Work to be completed> In the records below, find the line that holds "Página 43 —". Restate it and every later line exactly, stopping at the end and skipping pictures.

Input for this task>
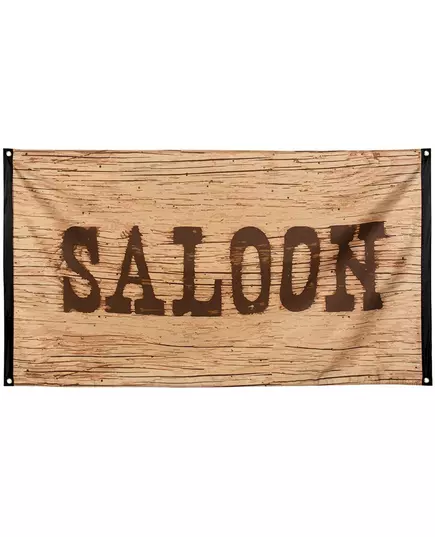 Saloon Western Wild West-flagg 3x5 fot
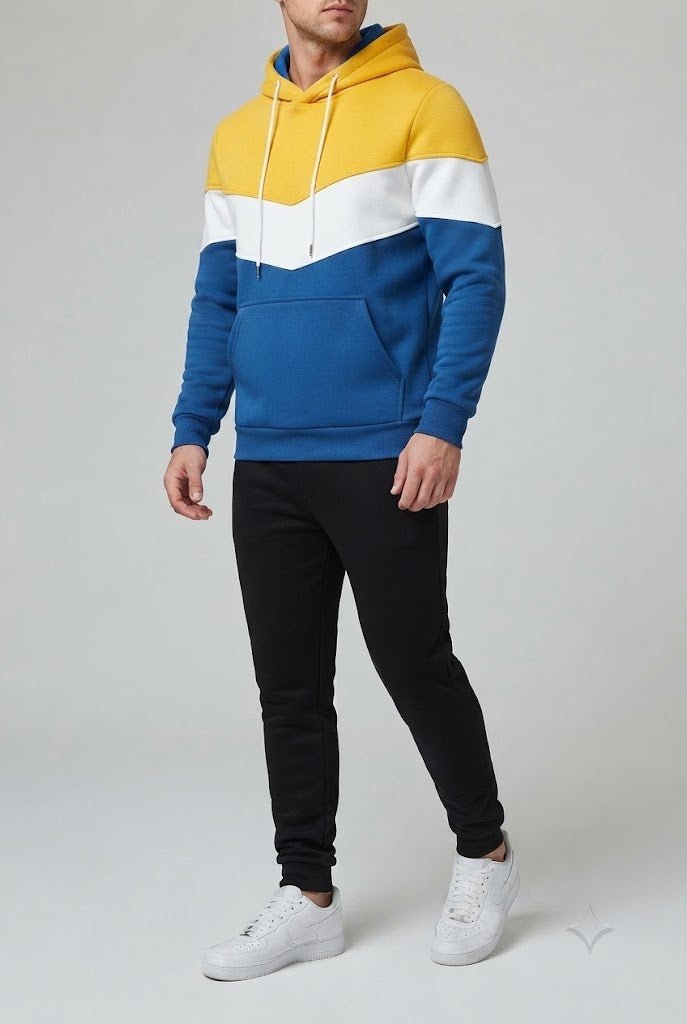 Fusion Colorblock TracksuitMen's TracksuitsVOLTRA FIT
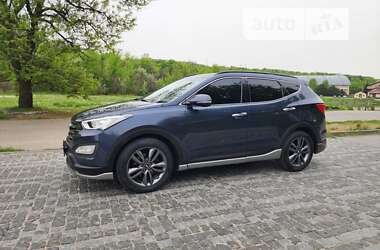 Позашляховик / Кросовер Hyundai Santa FE 2014 в Дніпрі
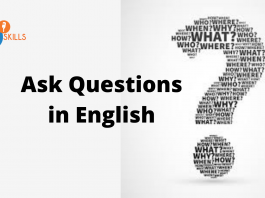 English mai Questions Kaise Puche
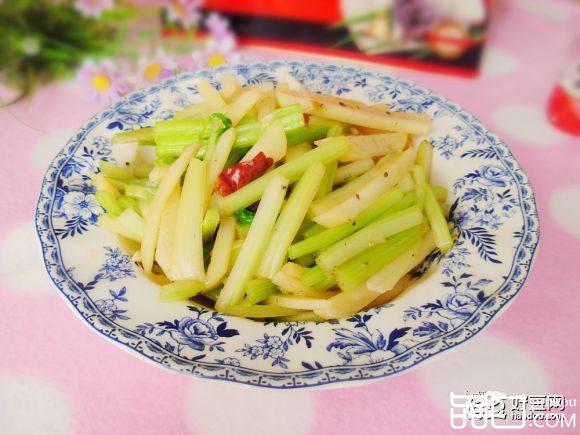 西芹土豆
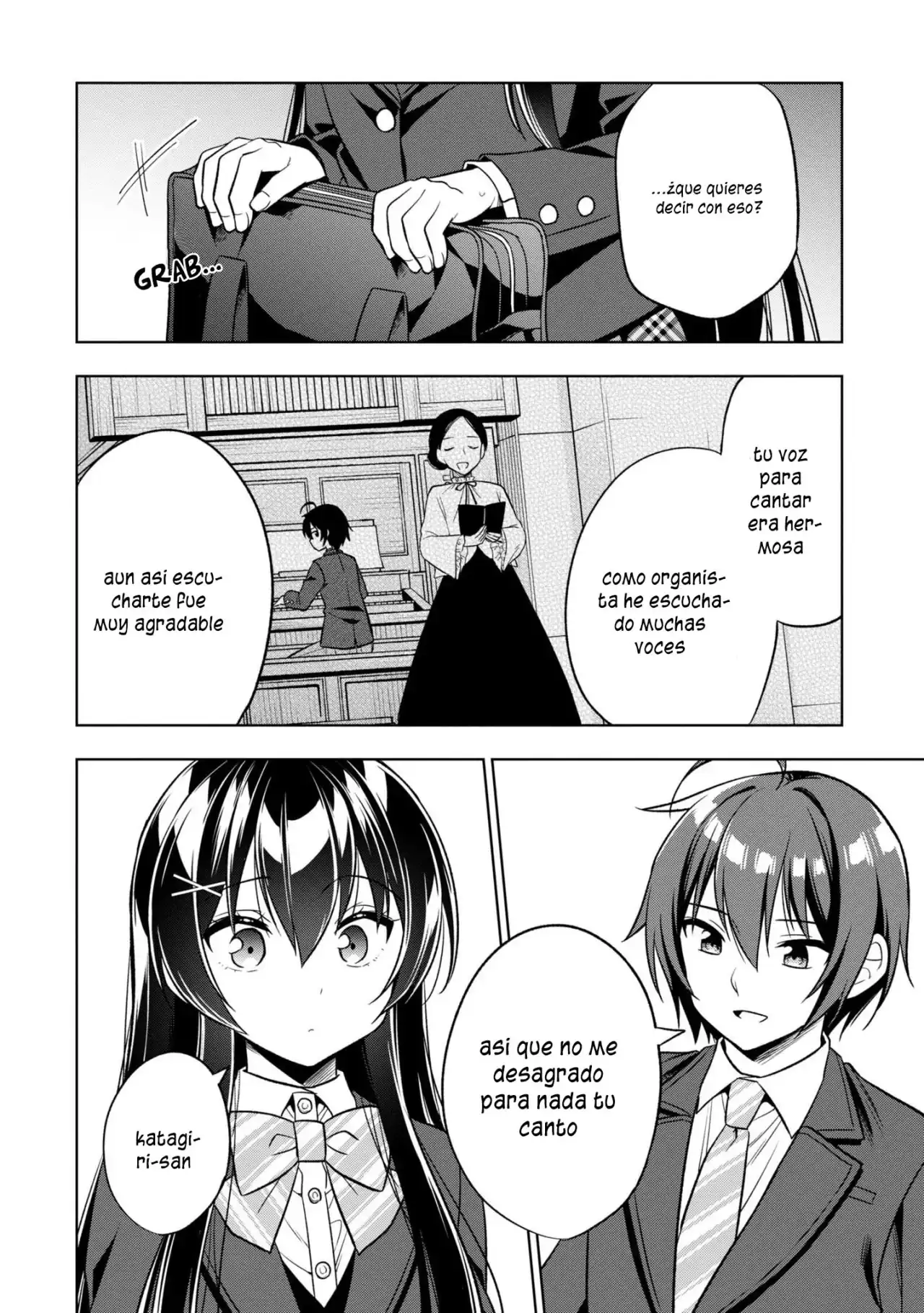 Página 43 — Capítulo 1 de Tonari no Kuuderella wo Amayakashitara, Uchi no Aikagi wo Watasu Koto ni Natta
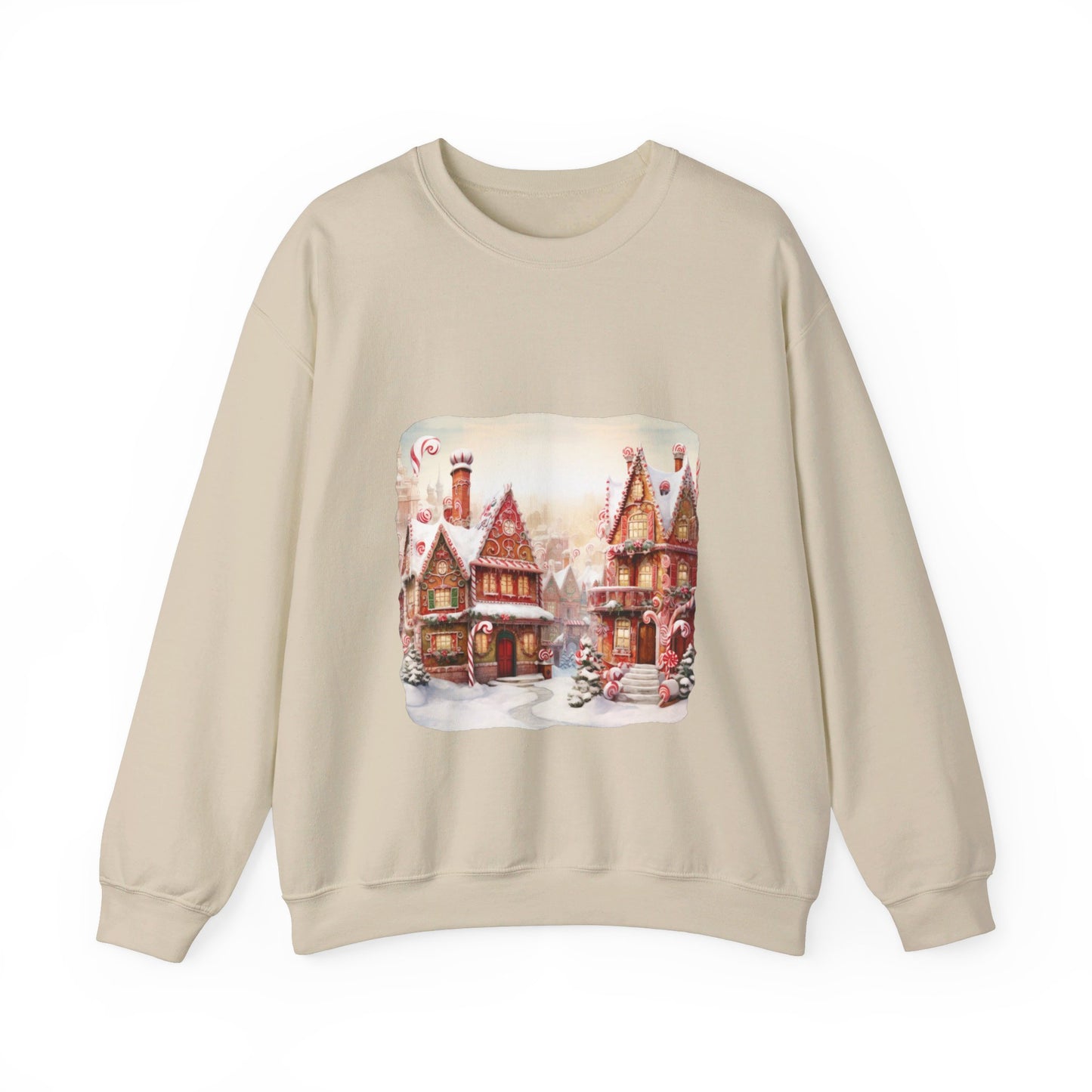 Snowy Christmas Village 11 - Sweatshirt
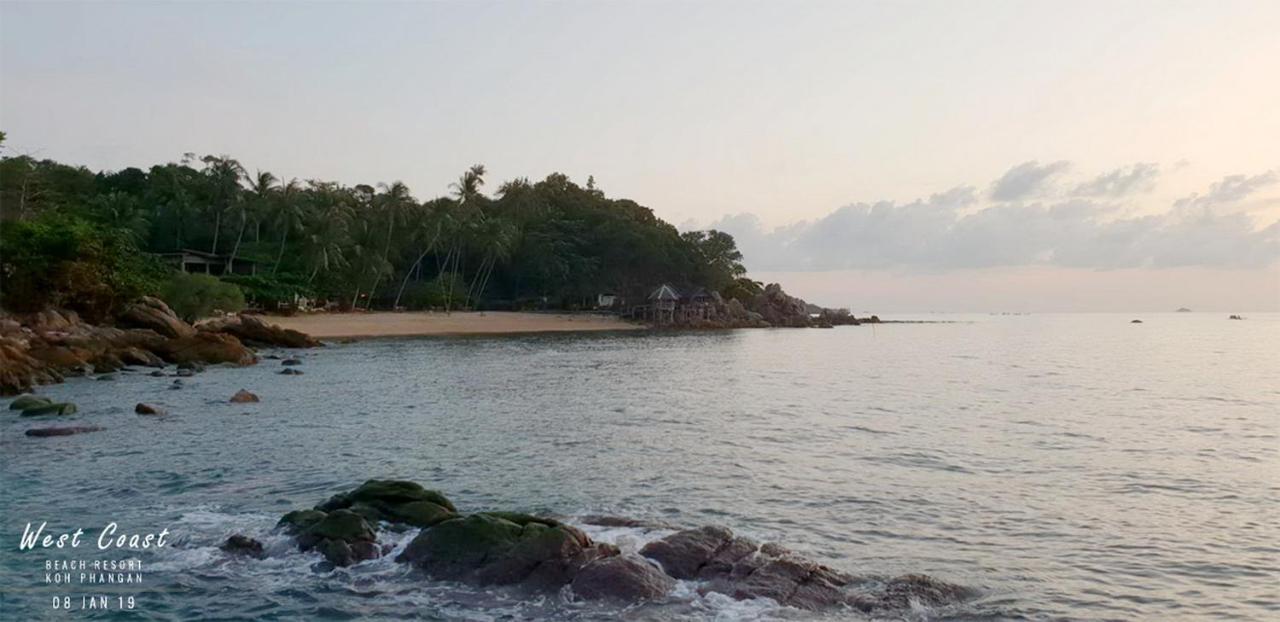 West Coast Beach Resort Ko Pha Ngan Exterior photo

Reply>
 Página 43 — Capítulo 1 de Tonari no Kuuderella wo Amayakashitara, Uchi no Aikagi wo Watasu Koto ni Natta
 Snowy Christmas Village 11 - Sweatshirt
 West Coast Beach Resort Ko Pha Ngan Exterior photo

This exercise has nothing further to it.